In mne-tools/mne-r: Fast Access to MNE-Python From Within R

Here we will use a multilevel model to assess the difference between two conditions over time. For now we will stick with the lme4 optimization-based implementation and use the parametric bootstrap for uncertainty estimation. Bayesian inference will be covered in a future example.

library(tidyverse)
library(lme4)
library(merTools)
library(mne)

Let's read in the raw data.

data_path <- mne$datasets$sample$data_path()
subject <- "sample"

raw_fname <- paste(data_path,
                   'MEG', 
                   subject,
                   'sample_audvis_filt-0-40_raw.fif',
                   sep = '/')

raw <- mne$io$read_raw_fif(raw_fname, preload = T)

We can now go ahead and compute evokeds.

events <- mne$find_events(raw)
storage.mode(events) <- "integer"  # R gets the events as floats.

tmin <- -0.2
tmax <- 0.5
baseline <- reticulate::tuple(NULL, 0)
event_id <- list("aud/l" = 1L, "vis/l" = 3L)
picks <- mne$pick_channels(raw$ch_names, list('MEG 1332'))
epochs <- mne$Epochs(raw = raw, events = events, event_id = event_id,
                     tmin = tmin, tmax = tmax,
                     picks = picks %>% as.integer(),
                     baseline = baseline, reject = NULL, preload = T)

Let's get the epochs into a dataframe.

# use MNE-R function.
epochs_df <- mne::get_data_frame(epochs)

Now we can set up a simple varying effects model:

$$ y_i \sim N(\alpha + \alpha[j] + T\beta[j]_i, \sigma^2) $$ Where $y_i$ is the MEG observation at a given epoch and time point, $\alpha$ is the global intercept, $\alpha[j]$ the intercept of each tome point, $T$ is our treatment information, and $\beta[j]$ is the estimated treatment effect over all $j$ time points of the epoch. The multilevel model will learn a population-shrinkage that depewnds on the variance over the time.

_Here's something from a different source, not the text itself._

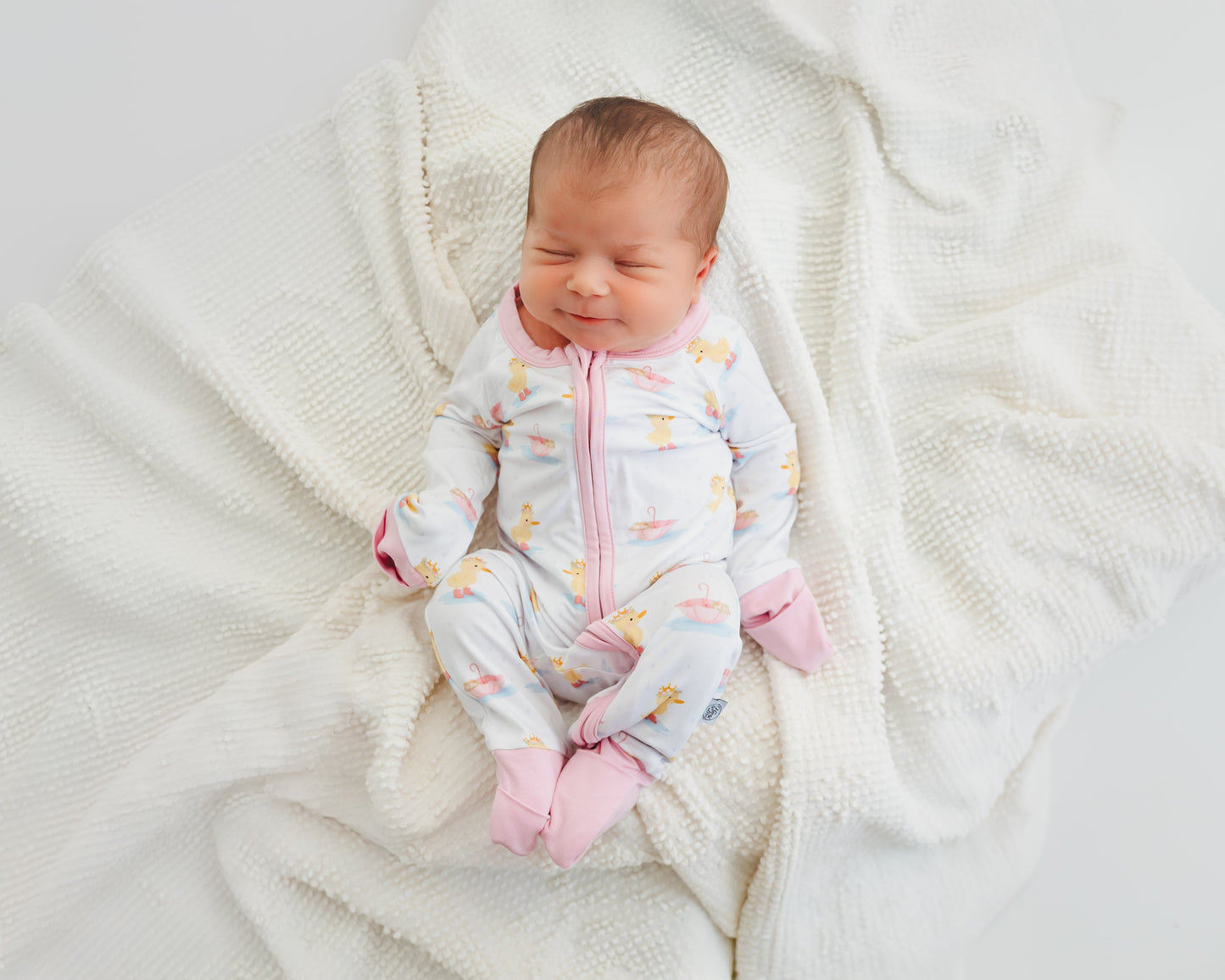 How Many Newborn Pajamas Do You Need? Realistic Guide (6–8 Recommended)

One of the assumptions of this model is that all $J$ coefficients come from a common distribution:

$$ \beta_{j} \sim N(\mu_{\beta[j]}, \sigma_{j}^2) $$ This is what makes this model one model instead of $j$ separate models. In this model, all $j$ coefficients are shrunk to $\mu_j$ to an extent that is proportional to the variance of the group effects.

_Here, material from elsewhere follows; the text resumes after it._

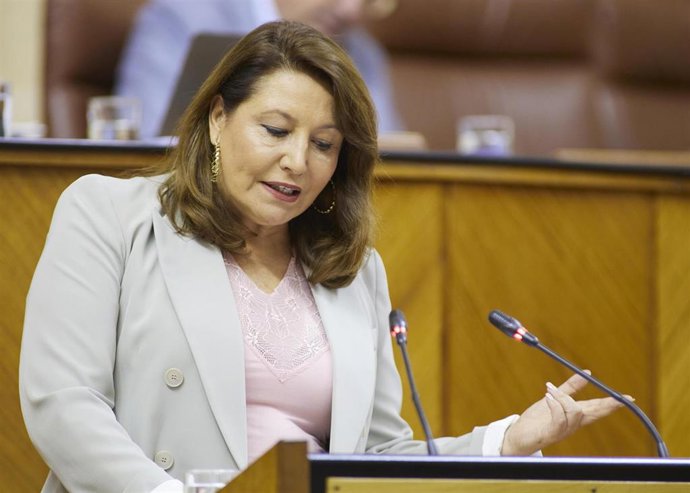 La consejera de Agricultura, Pesca, Agua y Desarrollo Rural, Carmen Crespo, comparece en el Pleno del Parlamento andaluz.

mod1 <- lmer(observation ~ 1 + condition + (1 + condition | time),
             data = epochs_df)
mod1 %>% summary() %>% print()

As often, looking at the coefficients and text summaries of such models is not tremendously helpful. We will instead generate predictions.

probe <- expand.grid(
  condition = c("aud/l", "vis/l") %>% as.factor(),
  time = epochs_df$time %>% unique()
)

pred_mod1 <- predict(mod1, probe)
probe$pred <- pred_mod1 

ggplot(data = epochs_df,
       mapping = aes(x = time, y = observation,
                     group = interaction(condition, epoch),
                     color = condition)) +
  geom_line(size = 0.3, alpha = 0.4) +
  geom_line(
    size = 1.5, data = probe,
    mapping = aes(x = time, y = pred, group = condition,
                  color = condition)) +
  theme_minimal() +
  theme(text = element_text(size = 24, family = "Helvetica")) +
  labs(x = "times [ms]",
       y = "predicted GRAD signal [fT/cm]") +
  ylim(-300, 300)

We can see that the model predictions are recapitulating the temporal structure of the data. But how much uncertainty do we have about those predicrions?

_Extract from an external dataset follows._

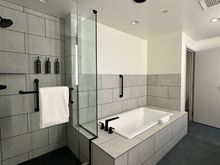 Huge bathroom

In the absence of a full Bayesian analysis we can do an informed parametric bootstrap that takes into account all sources of uncertainty of our multilevel model, which yields more conservative estimates of compatibility intervals. We will use the merTools package for this purpose.

We'll put a few custom options which should speak for themselves.

pred_interval_mod1 <- predictInterval(
  merMod = mod1, newdata = probe, which = "full", level = 0.95,
  n.sims = 1000, stat = "mean", type = "linear.prediction",
  returnSims = T, seed = 42
)

probe_int <- bind_cols(
  probe, pred_interval_mod1)

Let's first look at the compatibility intervals.

ggplot(
    data = probe_int,
    mapping = aes(x = time, y = pred, group = condition,
                  color = condition, ymin = lwr, ymax = upr)) +
  geom_ribbon(mapping = aes(fill = condition), alpha = 0.1) +
  geom_line(size = 1) +
  theme_minimal() +
  theme(text = element_text(size = 20, family = "Helvetica")) +
  labs(x = "times [ms]",
       y = "predicted GRAD signal [fT/cm]") +
  facet_wrap(~condition) +
  guides(color = F, fill = F)

Now let's plot the single simulations on top of it. We first have to extract the simulations from the merTools output.

# let's subsample a few bootstrap simulations.
idx <- sample(1:1000, size = 100)

pred_sims <- attr(pred_interval_mod1, "sim.results")[,idx] %>%
  as.data.frame() %>%
  gather(key = "sim", value = "pred_hat")

pred_sims$sim <- pred_sims$sim %>% as.factor()
pred_sims$time <- probe_int$time
pred_sims$condition <- probe_int$condition
pred_sims$pred <- probe_int$pred

Now we can plot the prediction from each bootstrap replica. In order to not clutter things we will make generous use of transparency.

ggplot(
    data = pred_sims,
    mapping = aes(x = time, y = pred,
                  group = condition,
                  color = condition)) +
  geom_line(
    alpha = 0.05, mapping = aes(
      y = pred_hat,
      group = interaction(sim, condition))) +
  stat_summary(
      fun.ymin = function(x){quantile(x, 0.025)},
      fun.ymax = function(x){quantile(x, 0.975)},
      mapping = aes(x = time,
                    y = pred_hat,
                    fill = condition,
                    group = condition,
                    color = condition),
      geom = "ribbon", alpha = 0.1) +
  geom_line(size = 1.5) +
  theme_minimal() +
  theme(text = element_text(size = 20, family = "Helvetica")) +
  labs(x = "times [ms]",
       y = "predicted GRAD signal [fT/cm]") +
  facet_wrap(~condition) +
  guides(color = F, fill = F)